**Work order:** From the records below, transcribe exactly the lines that begin at the line with "Sunset Lover One Shoulder Ruched Maxi Dress" and end at the line with "Sara Davies Vintage", both included.
(Beginning of Study material)
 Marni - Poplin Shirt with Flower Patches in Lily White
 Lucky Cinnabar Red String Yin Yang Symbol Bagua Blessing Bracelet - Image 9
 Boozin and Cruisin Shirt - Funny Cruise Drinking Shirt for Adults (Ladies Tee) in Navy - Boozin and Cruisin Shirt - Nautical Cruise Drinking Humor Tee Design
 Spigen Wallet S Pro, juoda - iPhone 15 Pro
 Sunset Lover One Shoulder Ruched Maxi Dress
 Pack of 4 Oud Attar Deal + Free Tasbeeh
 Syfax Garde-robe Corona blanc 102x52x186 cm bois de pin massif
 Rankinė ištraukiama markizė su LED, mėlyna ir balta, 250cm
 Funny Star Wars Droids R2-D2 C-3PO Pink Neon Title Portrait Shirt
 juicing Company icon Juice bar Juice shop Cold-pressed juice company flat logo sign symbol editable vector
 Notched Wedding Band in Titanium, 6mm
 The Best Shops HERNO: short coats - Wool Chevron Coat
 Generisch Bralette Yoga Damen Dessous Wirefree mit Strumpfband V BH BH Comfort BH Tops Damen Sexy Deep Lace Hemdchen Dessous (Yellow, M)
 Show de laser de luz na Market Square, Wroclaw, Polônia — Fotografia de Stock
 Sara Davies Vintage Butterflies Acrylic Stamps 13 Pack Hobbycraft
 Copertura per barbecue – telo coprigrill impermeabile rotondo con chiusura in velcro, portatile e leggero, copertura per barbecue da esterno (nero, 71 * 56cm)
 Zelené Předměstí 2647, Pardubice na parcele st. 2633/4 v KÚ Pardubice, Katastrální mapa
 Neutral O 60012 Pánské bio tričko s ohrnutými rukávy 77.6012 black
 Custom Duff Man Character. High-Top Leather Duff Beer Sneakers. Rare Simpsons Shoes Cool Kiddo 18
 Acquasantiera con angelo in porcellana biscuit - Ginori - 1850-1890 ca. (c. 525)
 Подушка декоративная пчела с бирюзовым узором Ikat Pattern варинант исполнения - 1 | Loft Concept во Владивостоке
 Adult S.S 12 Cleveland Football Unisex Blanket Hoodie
(End of Study material)
**Response to the task:**
 Sunset Lover One Shoulder Ruched Maxi Dress
 Pack of 4 Oud Attar Deal + Free Tasbeeh
 Syfax Garde-robe Corona blanc 102x52x186 cm bois de pin massif
 Rankinė ištraukiama markizė su LED, mėlyna ir balta, 250cm
 Funny Star Wars Droids R2-D2 C-3PO Pink Neon Title Portrait Shirt
 juicing Company icon Juice bar Juice shop Cold-pressed juice company flat logo sign symbol editable vector
 Notched Wedding Band in Titanium, 6mm
 The Best Shops HERNO: short coats - Wool Chevron Coat
 Generisch Bralette Yoga Damen Dessous Wirefree mit Strumpfband V BH BH Comfort BH Tops Damen Sexy Deep Lace Hemdchen Dessous (Yellow, M)
 Show de laser de luz na Market Square, Wroclaw, Polônia — Fotografia de Stock
 Sara Davies Vintage Butterflies Acrylic Stamps 13 Pack Hobbycraft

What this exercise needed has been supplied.